Anomaly detection identifies when an AI agent's behavior deviates from what is normal. While policy rules catch known bad patterns, anomaly detection catches unknown bad patterns by comparing current behavior to an established baseline.
Before you can detect anomalies, you need a baseline. Track these metrics during normal operation:
After collecting data over a representative period, these become your baseline.
Rate anomalies: The agent is making 50 tool calls per minute instead of 5. It may be stuck in a loop or executing a scripted attack.
Denial rate anomalies: The denial rate jumps from 2% to 40%. The agent is repeatedly trying actions that are blocked. This suggests the agent's goal has changed (possibly through injection).
Tool distribution anomalies: The agent normally uses search and calculator but is now using email and HTTP tools. The tool usage pattern has shifted, suggesting goal hijacking.
Argument anomalies: Tool arguments are suddenly much larger or contain different patterns. Large arguments may indicate data exfiltration through tool parameters.
Timing anomalies: The agent's action spacing changes from human-like pauses to machine-speed execution.
Sentinel implements two detection algorithms:
EWMA: Maintains a running average. When the current value is more than N standard deviations from the average, it flags an anomaly:
sentinel: {
detectors: {
ewma: { alpha: 0.3, sigmaThreshold: 3.0 }
}
}
CUSUM: Accumulates small deviations.
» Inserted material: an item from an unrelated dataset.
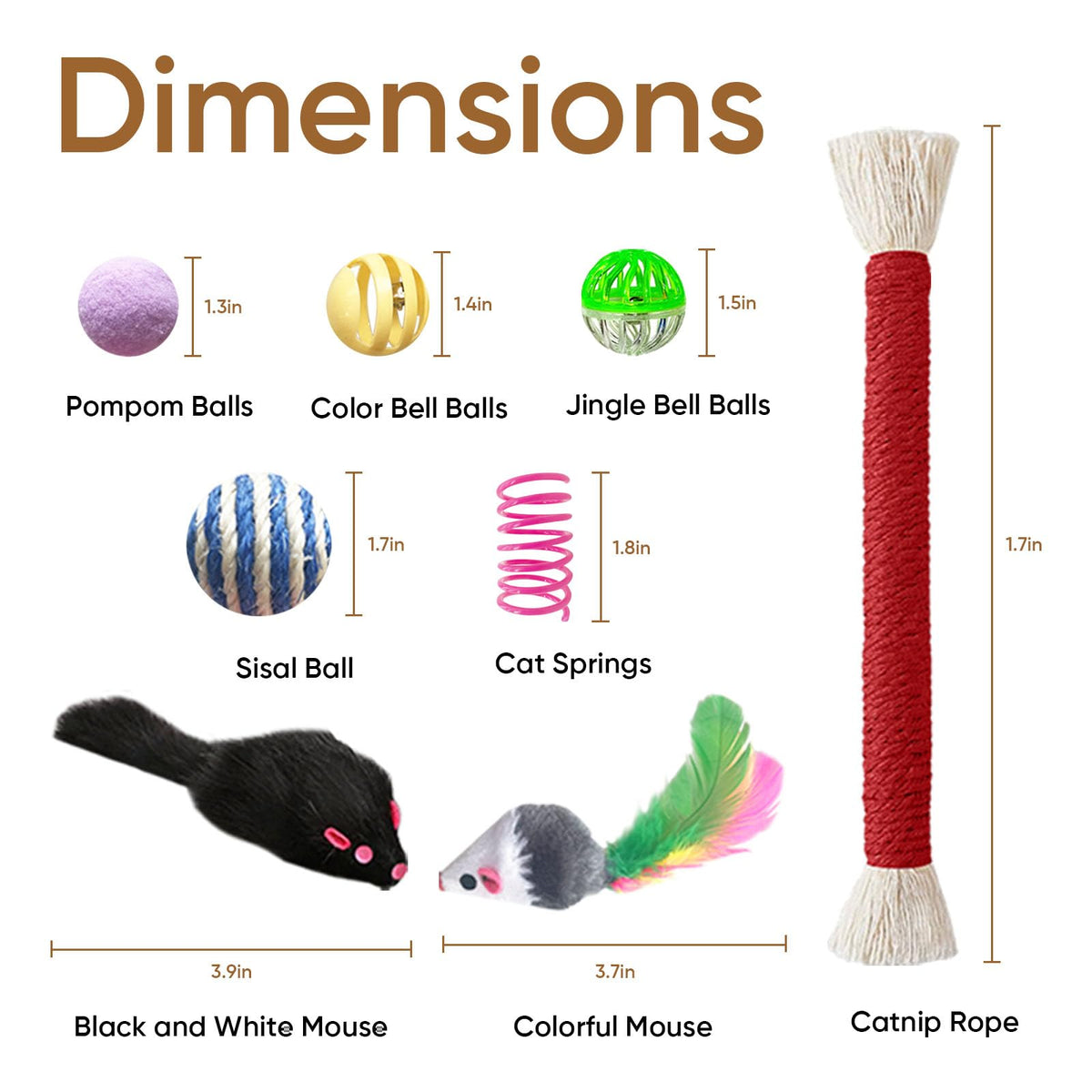 YULOYI Cat Toys for Indoor Cats, 34 Pack Interactive Cat Toy Set for Kitten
Catches persistent changes that are individually small but collectively significant:
sentinel: {
detectors: {
cusum: { slack: 0.5, threshold: 5.0 }
}
}
The response should match the severity:
| Severity | Response | |----------|----------| | Low | Log the anomaly for review | | Medium | Alert the operator, tighten policy | | High | Suspend the session, require manual review | | Critical | Kill the session immediately |
sentinel: {
onAlert: (alert) => {
if (alert.severity === 'critical') {
killSession(alert.sessionId);
} else if (alert.severity === 'high') {
guard.loadPolicy('./policies/restrictive.yaml');
alertOperator(alert);
} else {
logAnomaly(alert);
}
}
}
Anomaly detection produces false positives. A legitimate change in the user's task can cause the agent's behavior to shift. Tune thresholds based on your false positive tolerance. Start with higher thresholds (fewer alerts) and lower them as you gain confidence in the baseline.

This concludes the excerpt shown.